### YOUR INSTRUCTIONS
Report how many lines in the material hold the word "Story". No other content is required.

### DATA TO EXAMINE

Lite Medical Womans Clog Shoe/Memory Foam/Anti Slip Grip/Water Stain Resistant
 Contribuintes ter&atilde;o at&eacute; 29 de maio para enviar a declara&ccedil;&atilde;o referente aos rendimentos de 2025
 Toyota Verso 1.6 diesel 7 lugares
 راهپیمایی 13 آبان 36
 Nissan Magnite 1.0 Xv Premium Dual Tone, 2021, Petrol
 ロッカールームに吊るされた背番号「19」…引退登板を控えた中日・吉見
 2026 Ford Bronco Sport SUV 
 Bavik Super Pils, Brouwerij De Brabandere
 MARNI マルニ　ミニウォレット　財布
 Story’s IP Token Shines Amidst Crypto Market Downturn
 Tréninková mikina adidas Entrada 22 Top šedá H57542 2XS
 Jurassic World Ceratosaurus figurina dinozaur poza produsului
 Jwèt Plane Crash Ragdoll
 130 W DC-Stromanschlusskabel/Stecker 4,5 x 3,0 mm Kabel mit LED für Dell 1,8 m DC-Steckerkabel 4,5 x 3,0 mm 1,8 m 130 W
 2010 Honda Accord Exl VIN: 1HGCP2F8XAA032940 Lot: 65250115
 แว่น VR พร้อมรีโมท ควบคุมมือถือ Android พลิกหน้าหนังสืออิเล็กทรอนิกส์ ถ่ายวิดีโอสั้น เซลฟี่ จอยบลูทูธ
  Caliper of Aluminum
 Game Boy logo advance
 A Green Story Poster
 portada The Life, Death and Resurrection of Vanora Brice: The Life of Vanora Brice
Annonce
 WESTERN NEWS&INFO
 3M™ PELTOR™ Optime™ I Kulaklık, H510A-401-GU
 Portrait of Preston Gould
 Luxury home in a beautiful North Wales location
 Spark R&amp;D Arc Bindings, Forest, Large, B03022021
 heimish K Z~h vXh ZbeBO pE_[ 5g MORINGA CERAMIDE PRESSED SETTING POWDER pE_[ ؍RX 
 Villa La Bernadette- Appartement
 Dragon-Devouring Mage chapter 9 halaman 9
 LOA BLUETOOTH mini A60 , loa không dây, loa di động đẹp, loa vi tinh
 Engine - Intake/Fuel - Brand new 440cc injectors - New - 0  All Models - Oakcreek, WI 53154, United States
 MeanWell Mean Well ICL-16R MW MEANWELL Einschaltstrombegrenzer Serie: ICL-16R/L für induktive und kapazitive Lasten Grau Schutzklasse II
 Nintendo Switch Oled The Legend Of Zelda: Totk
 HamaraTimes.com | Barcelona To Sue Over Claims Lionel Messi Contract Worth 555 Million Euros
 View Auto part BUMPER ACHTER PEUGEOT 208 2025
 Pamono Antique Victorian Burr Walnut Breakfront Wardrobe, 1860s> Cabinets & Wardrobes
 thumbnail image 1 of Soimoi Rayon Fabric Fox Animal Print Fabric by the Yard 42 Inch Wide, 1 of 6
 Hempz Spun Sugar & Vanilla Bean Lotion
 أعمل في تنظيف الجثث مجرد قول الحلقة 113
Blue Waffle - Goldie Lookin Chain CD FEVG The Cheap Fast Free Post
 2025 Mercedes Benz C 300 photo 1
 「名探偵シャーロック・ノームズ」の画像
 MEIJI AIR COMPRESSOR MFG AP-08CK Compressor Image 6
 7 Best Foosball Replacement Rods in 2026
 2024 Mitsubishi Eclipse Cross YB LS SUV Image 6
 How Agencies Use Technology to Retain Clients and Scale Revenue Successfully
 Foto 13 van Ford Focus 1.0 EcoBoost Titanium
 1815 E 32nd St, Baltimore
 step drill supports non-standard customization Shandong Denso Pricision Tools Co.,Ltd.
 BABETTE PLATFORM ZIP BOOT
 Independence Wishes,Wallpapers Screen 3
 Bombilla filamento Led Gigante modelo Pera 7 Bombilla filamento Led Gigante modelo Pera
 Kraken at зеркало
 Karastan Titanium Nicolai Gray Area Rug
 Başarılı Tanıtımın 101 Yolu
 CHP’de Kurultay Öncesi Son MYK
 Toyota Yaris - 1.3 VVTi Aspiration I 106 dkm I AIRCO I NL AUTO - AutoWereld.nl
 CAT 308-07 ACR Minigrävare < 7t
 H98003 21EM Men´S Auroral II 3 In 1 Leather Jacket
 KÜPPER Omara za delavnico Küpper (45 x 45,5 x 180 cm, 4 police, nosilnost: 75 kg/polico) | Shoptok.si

### ANSWER SPACE
2